A fuzzy sensation crawled over her feet when the white light disappeared like a swarm of fireflies on the horizon; Janine imagined herself not being there when realizing she was standing on her feet. She looked down and saw that she was still clutching Amy under her arm like an unwanted birthday gift. There was a throbbing sensation where the stitches in her chin had come loose, and the cut, caked with dust, stood out like a parasitic caterpillar.

Janine spat a mixture of earth and blood that clapped like bullets on the side of the road, and noticed that she had lost a shoe. She looked around, and through a haze that waltzed through her mind like guests at a confusion-masquerade, saw the red eyes of the jeep’s brake lights go on in a puff of dust. The jeep skid-bounced over the side of the road, flipped over, and struck the only acacia in—what Janine estimated to be—approximately four kilometers.
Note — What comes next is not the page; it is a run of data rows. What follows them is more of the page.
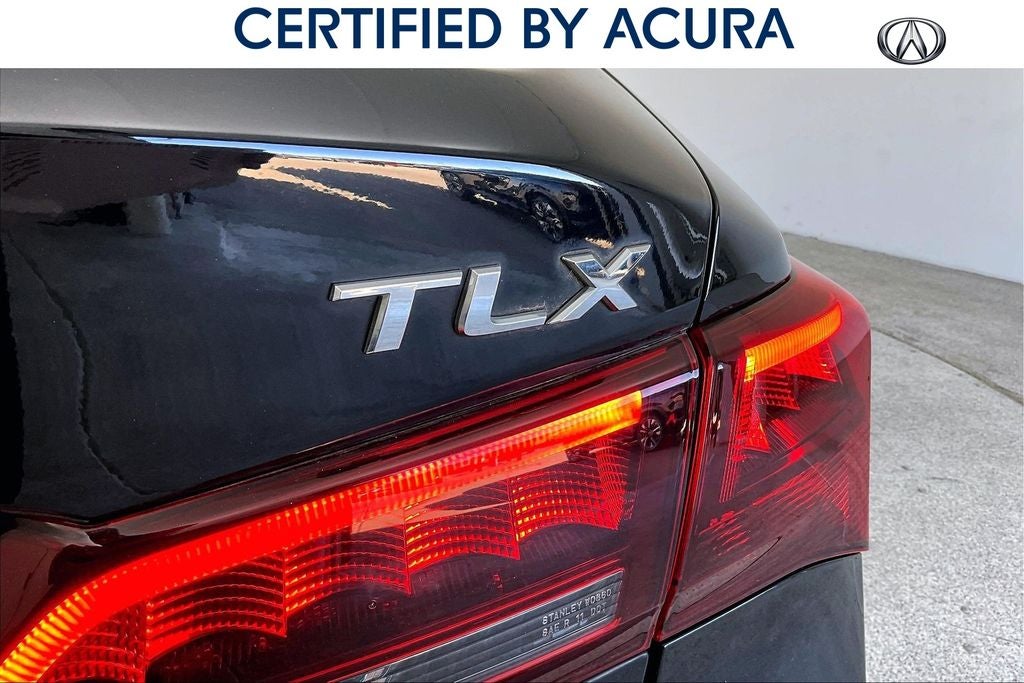 2017 Acura TLX 2.4L Base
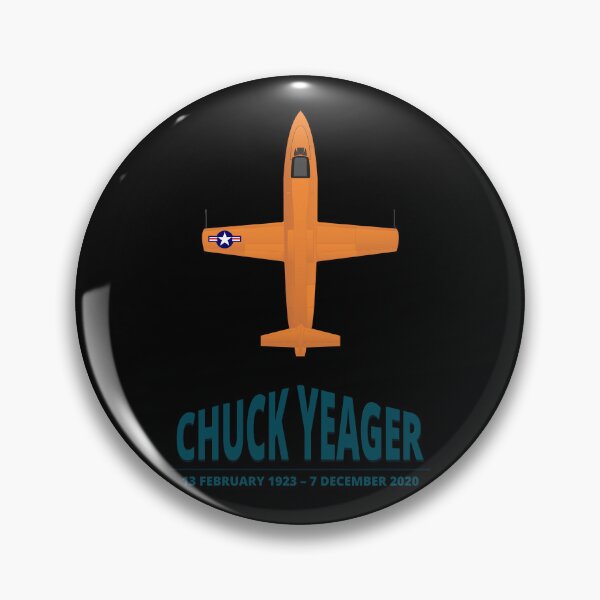 Item preview, Brigadier general Chuck Yeager Tribute  designed and sold by BRU Design.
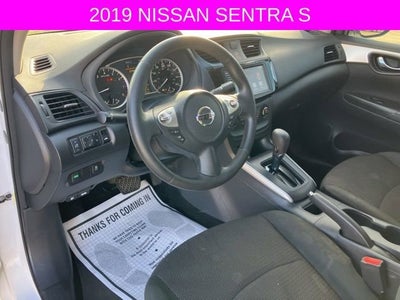 2019 Nissan Sentra S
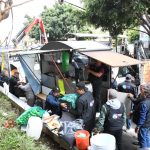Con el objetivo de mantener el orden y la seguridad en las calles de la alcaldía Benito Juárez, el Gobierno del alcalde Luis Mendoza realizó diversos operativos para la recuperación del espacio público en coordinación con elementos de Blindar BJ360° y el apoyo de las áreas de Servicios Urbanos y Jurídica y Gobierno y Vía Pública.   FOTO: Especial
The sound of the crash was sickening, and Janine stood for a moment, hand over mouth, watching Mark’s limp body being flung trough a clear afternoon sky.

There was a part of Janine that wanted to stay, to walk over and see if she could be of any assistance to the injured, but, as if the doll had been tugging at her mother’s ripped tee shirt, Janine looked down and stared into Amy’s beady eyes; for the first time since starting therapy with Doctor Black, her other part opened up. Janine lowered her head and closed her eyes; the muscles in her neck tensed and the balls of her feet felt warm. She dropped the doll and stomped on its neck.

‘This is not Amy, Janine. You’re pathetic, you know that? You should’ve let me out a little earlier, you stupid bitch! Just look what a mess you’ve made. Not to worry, though; you can always depend on old Tommy to sort tings out.’